My campus was locked down, and then closed, this morning when a gunman began firing shots. He entered the library, where all the security is designed to keep things from leaving inappropriately, went to the sixth floor (early reports said the fifth floor), and shot himself. The university’s warning system, instituted after the Virginia Tech shootings, helped to insure that there were no other injuries. I received a text message telling me there was an armed person in the vicinity of the library within minutes. I was not on campus, but my daughter was heading in to take a math exam. She got off the bus to find a small tank going down the street, helicopters circling overhead, and a woman in a green dress telling everyone that campus was locked down and directing them not to cross the street onto campus. My daughter couldn’t go to class, and couldn’t get home—the northbound bus stop was on the campus side of the street—so I drove in and took her to breakfast. People in my building waited for several hours. A SWAT team frisked them and took them to a classroom, where they stayed for two hours until a search of the building was completed. A friend of my daughter’s was on the sixth floor of the library this morning, and had to stay there for more than 6 hours.
A friend was teaching an early morning class, and reports:
[I] was lecturing on the ‘Crito’, justice, political obligation, civil disobedience and the unimportance of death; with what I thought was admirable Socratic sang-froid, I carried on and finished the lecture. Not sure many of them were paying much attention – at any rate to me. I had to change some of the examples (about coercion) rather rapidly as well.
I suppose that doesn’t say anything very good about the relevance of philosophy—or at least of the ideas of Socrates.
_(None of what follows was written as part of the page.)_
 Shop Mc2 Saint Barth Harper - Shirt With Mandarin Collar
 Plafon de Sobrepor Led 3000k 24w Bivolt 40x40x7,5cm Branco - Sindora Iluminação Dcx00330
One notable feature of this morning’s experiences: My daughter had rapid access to an amazing amount of information about what was happening. She and I were both receiving the university’s emergency text messages. She could also receive the emergency emails. But she also began receiving text messages from students all over campus—some in class, some in their dorms, some at their university jobs, and some in the library. She had real-time information coming from sources all over the campus. Radio stations also did a great job—KLBJ-AM did an especially outstanding job—but social media beat out traditional media for those with a rich social network. For the rest of us—well, my phone sat there silently. But I heard everything from her.